Hillary Clinton may have gone about it clumsily and even somewhat oafishly, but she was trying to say she understood the point of view of many of the people who support a candidate who she finds reprehensible. Read the whole quote:
You know, just to be grossly generalistic, you could put half of Trump's supporters into what I call the basket of deplorables. They're racist, sexist, homophobic, xenophobic, Islamaphobic—you name it. And unfortunately there are people like that. And he has lifted them up. He has given voice to their websites that used to only have 11,000 people—now have 11 million. He tweets and retweets their offensive, hateful, mean-spirited rhetoric. Now some of these folks, they are irredeemable, but thankfully they are not America. But the other basket–and I know this because I see friends from all over America here—I see friends from Florida and Georgia and South Carolina and Texas–as well as, you know, New York and California—but that other basket of people are people who feel that the government has let them down, the economy has let them down, nobody cares about them, nobody worries about what happens to their lives and their futures, and they're just desperate for change. It doesn't really even matter where it comes from. They don't buy everything he says, but he seems to hold out some hope that their lives will be different. They won't wake up and see their jobs disappear, lose a kid to heroin, feel like they're in a dead end. Those are people we have to understand and empathize with as well.

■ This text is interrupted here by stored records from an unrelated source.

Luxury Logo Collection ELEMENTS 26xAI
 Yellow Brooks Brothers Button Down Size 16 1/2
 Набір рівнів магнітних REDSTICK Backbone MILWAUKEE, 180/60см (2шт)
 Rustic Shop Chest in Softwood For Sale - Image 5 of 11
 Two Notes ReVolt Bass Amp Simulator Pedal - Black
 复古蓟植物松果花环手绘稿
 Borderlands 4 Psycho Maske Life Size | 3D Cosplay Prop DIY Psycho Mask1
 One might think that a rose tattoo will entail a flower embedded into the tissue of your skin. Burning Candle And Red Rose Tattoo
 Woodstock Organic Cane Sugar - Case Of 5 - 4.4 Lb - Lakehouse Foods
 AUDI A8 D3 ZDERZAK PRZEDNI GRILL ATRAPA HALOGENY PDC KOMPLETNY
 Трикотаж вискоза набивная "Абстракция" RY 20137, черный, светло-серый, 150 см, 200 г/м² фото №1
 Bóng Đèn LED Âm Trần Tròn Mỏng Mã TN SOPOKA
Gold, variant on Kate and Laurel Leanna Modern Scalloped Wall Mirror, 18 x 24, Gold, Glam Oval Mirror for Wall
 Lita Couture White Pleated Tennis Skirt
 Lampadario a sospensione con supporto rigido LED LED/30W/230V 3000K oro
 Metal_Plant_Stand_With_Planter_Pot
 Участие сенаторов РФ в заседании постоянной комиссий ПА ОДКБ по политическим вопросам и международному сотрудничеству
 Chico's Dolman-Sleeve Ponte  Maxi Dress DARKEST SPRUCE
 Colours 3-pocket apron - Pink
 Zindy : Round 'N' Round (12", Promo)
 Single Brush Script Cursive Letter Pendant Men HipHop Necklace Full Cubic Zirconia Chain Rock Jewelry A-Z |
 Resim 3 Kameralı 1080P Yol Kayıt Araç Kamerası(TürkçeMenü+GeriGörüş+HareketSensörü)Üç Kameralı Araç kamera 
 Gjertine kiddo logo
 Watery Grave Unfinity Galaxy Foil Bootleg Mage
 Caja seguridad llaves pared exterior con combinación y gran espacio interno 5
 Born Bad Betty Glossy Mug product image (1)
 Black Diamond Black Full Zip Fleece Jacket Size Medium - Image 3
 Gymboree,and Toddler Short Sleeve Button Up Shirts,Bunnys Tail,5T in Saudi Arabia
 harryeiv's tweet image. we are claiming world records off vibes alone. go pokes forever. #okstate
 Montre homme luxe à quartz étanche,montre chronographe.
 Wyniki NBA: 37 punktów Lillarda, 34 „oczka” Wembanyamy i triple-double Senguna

Go find me a section of a Donald Trump speech where he tries to identify parts of Hillary Clinton's following, and asks his base to understand where they're coming from. (Now Clinton, for her part, could try a little harder, and at least acknowledge that some of Trump's following exists because she's the Studebaker that they've had for 30 years and they just want a new car that has different things wrong with it. Also, "irredeemable" is simply not an American term.)
In her speech, was Clinton a little rough on the racists, sexists, the homophobes, zenophobes and Islamophobes that everybody knows is a part of Trump's following? Did she overestimate their share among Donald Trump's followers? Should she not have put a whole group of people in a rhetorical "basket"? I don't know; I think I would have been tempted to go for the more alliterative "dumpster of deplorables."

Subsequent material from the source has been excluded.